# Required work:
The pictures get dropped, while every remaining part of the listing is copied exactly.

# Data extract:

■ ■ ■ ■ ■

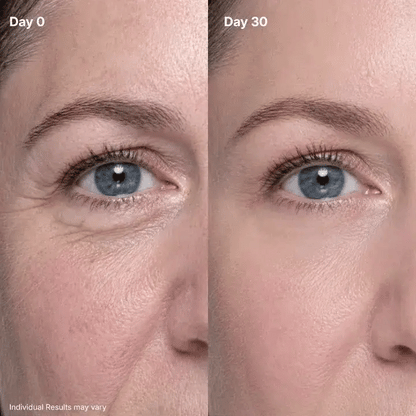 🔥Final 2 Hour 50% OFF🔥 LOVILDS Eye Renewal Cream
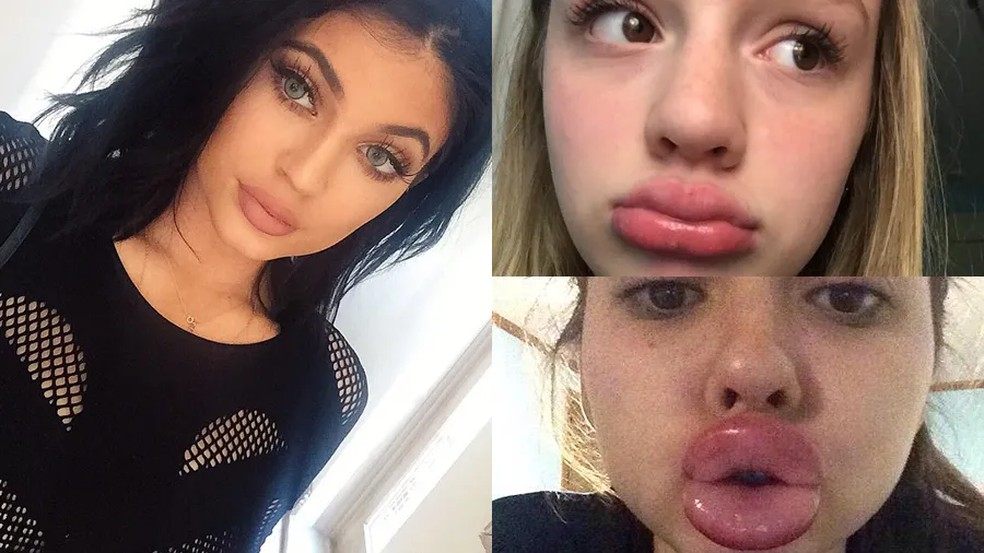 Empresária influenciou o 'Kylie Jenner Lip Challenge' quando era mais jovem — Foto: Reprodução/ Instagram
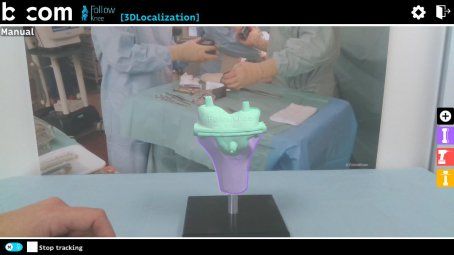 Cette semaine, <a href="/IRT_BCom/">b-com</a> présente <a href="/CARS2019Rennes/">CARS2019</a> une application de réalité augmentée en chirurgie orthopédique réalisée dans le cadre du projet <a href="/FollowKnee/">followKnee</a> via <a href="/DSIH_esante/">DSIH</a> buff.ly/2L1O8ws #RA #eSanté #orthopédie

■ ■ ■ ■ ■

# Task result:
 🔥Final 2 Hour 50% OFF🔥 LOVILDS Eye Renewal Cream
 Empresária influenciou o 'Kylie Jenner Lip Challenge' quando era mais jovem — Foto: Reprodução/ Instagram
 Cette semaine, <a href="/IRT_BCom/">b-com</a> présente <a href="/CARS2019Rennes/">CARS2019</a> une application de réalité augmentée en chirurgie orthopédique réalisée dans le cadre du projet <a href="/FollowKnee/">followKnee</a> via <a href="/DSIH_esante/">DSIH</a> buff.ly/2L1O8ws #RA #eSanté #orthopédie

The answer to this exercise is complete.